Using Data Dictionary metadata

IMAS-Python provides convenient access to Data Dictionary metadata of any IDS node through the metadata attribute:

>>> import imas
>>> core_profiles = imas.IDSFactory().core_profiles()
>>> core_profiles.metadata
<IDSMetadata for 'core_profiles'>
>>> core_profiles.time.metadata
<IDSMetadata for 'time'>
>>> # etc.

In this lesson we will show how to work with this metadata by exploring a couple of use cases.

Overview of available metadata

The data dictionary metadata that is parsed by IMAS-Python is listed in the API documentation for IDSMetadata.

Note that not all metadata from the IMAS Data Dictionary is parsed by IMAS-Python. This metadata is still accessible on the metadata attribute. You can use imas.util.inspect() to get an overview of all metadata associated to an element in an IDS.
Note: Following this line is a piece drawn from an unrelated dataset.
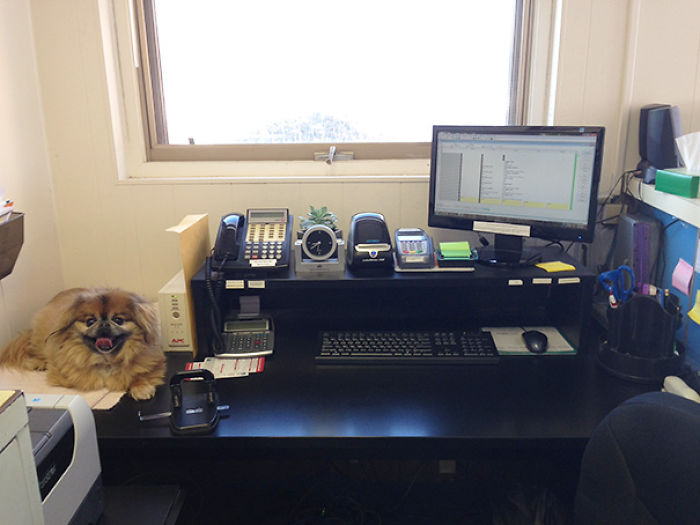 Today Is National Take Your Dog to Work Day (30 Pics) Today Is National Take Your Dog to Work Day (30 Pics)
Example showing all metadata for some core_profiles elements.
>>> import imas
>>> core_profiles = imas.IDSFactory().core_profiles()
>>> imas.util.inspect(core_profiles.metadata)
╭---- <class 'imas.ids_metadata.IDSMetadata'> -----╮
│ Container for IDS Metadata                         │
│                                                    │
│ ╭------------------------------------------------╮ │
│ │ <IDSMetadata for 'core_profiles'>              │ │
│ ╰------------------------------------------------╯ │
│                                                    │
│   alternative_coordinates = ()                     │
│               coordinates = ()                     │
│       coordinates_same_as = ()                     │
│                 data_type = None                   │
│             documentation = 'Core plasma profiles' │
│     lifecycle_last_change = '3.39.0'               │
│          lifecycle_status = 'active'               │
│         lifecycle_version = '3.1.0'                │
│                  maxoccur = 15                     │
│                      name = 'core_profiles'        │
│                      ndim = 0                      │
│                      path = IDSPath('')            │
│                  path_doc = ''                     │
│               path_string = ''                     │
│ specific_validation_rules = 'yes'                  │
│              timebasepath = ''                     │
│                      type = <IDSType.NONE: None>   │
│                     units = ''                     │
╰----------------------------------------------------╯
>>> imas.util.inspect(core_profiles.time.metadata)
╭------ <class 'imas.ids_metadata.IDSMetadata'> -------╮
│ Container for IDS Metadata                             │
│                                                        │
│ ╭----------------------------------------------------╮ │
│ │ <IDSMetadata for 'time'>                           │ │
│ ╰----------------------------------------------------╯ │
│                                                        │
│ alternative_coordinates = ()                           │
│             coordinate1 = IDSCoordinate('1...N')       │
│             coordinates = (IDSCoordinate('1...N'),)    │
│     coordinates_same_as = (IDSCoordinate(''),)         │
│               data_type = <IDSDataType.FLT: 'FLT'>     │
│           documentation = 'Generic time'               │
│                maxoccur = None                         │
│                    name = 'time'                       │
│                    ndim = 1                            │
│                    path = IDSPath('time')              │
│                path_doc = 'time(:)'                    │
│             path_string = 'time'                       │
│            timebasepath = 'time'                       │
│                    type = <IDSType.DYNAMIC: 'dynamic'> │
│                   units = 's'                          │
╰--------------------------------------------------------╯

Coordinate metadata

The Data Dictionary has coordinate information on all non-scalar nodes: arrays of structures and data nodes that are not 0D. These coordinate descriptions can become quite complicated, but summarized they come in two categories:

  1. Coordinates are indices.

    This is indicated by the Data Dictionary as coordinate = 1...{x}. Here {x} can be a number (e.g. 1...3), which means that this dimension should have exactly x elements. {x} can also be a literal N: 1...N, meaning that the size of this dimension does not have a predetermined size.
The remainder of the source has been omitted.